[WHAT IS EXPECTED] For this exercise, transcribe every line of the material exactly and skip the pictures.

[RECORDED DATA]
________________

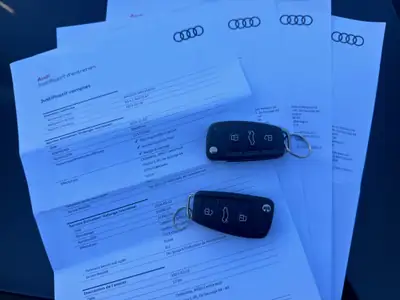 Audi Q3 Sportback 35 TFSI — SUV coupé dynamique, hybride léger, entretien suivi — cruscotto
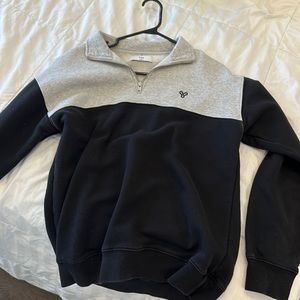 TNA Cozy Fleece Boyfriend 1/4 Zip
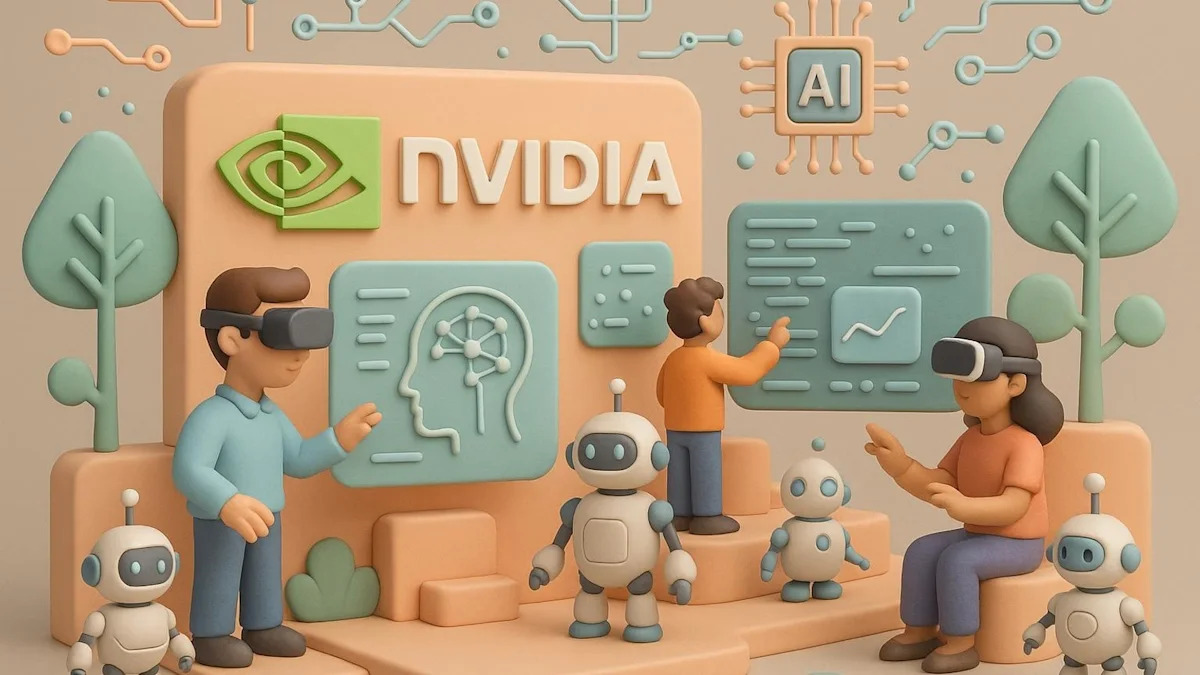 Nvidia Stock And 2 US AI Infrastructure Plays Tied To Federal Defense Spending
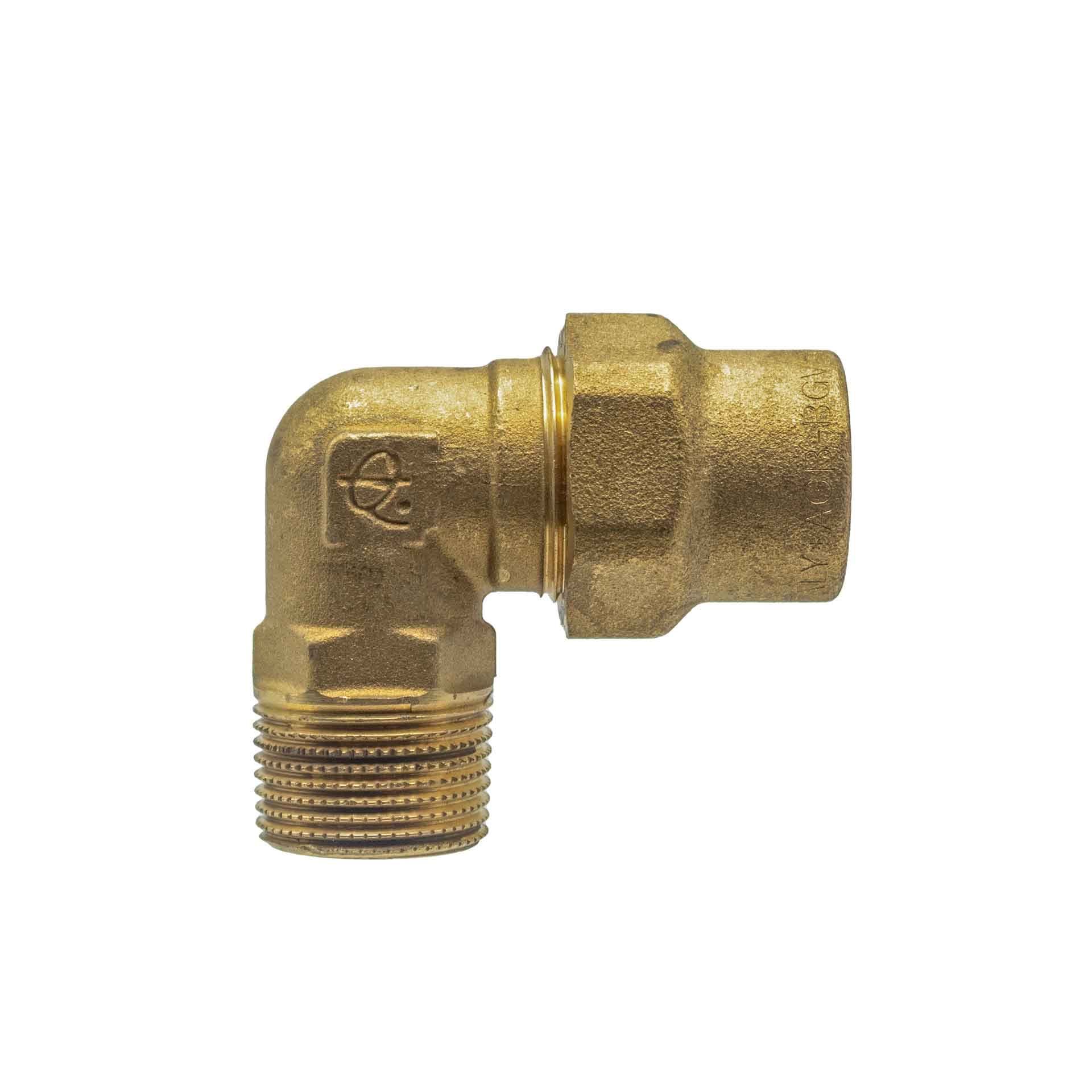 COUDE BICONE GAZ BG261 1''MX28 vue 1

________________

[SOLUTION]
 Audi Q3 Sportback 35 TFSI — SUV coupé dynamique, hybride léger, entretien suivi — cruscotto
 TNA Cozy Fleece Boyfriend 1/4 Zip
 Nvidia Stock And 2 US AI Infrastructure Plays Tied To Federal Defense Spending
 COUDE BICONE GAZ BG261 1''MX28 vue 1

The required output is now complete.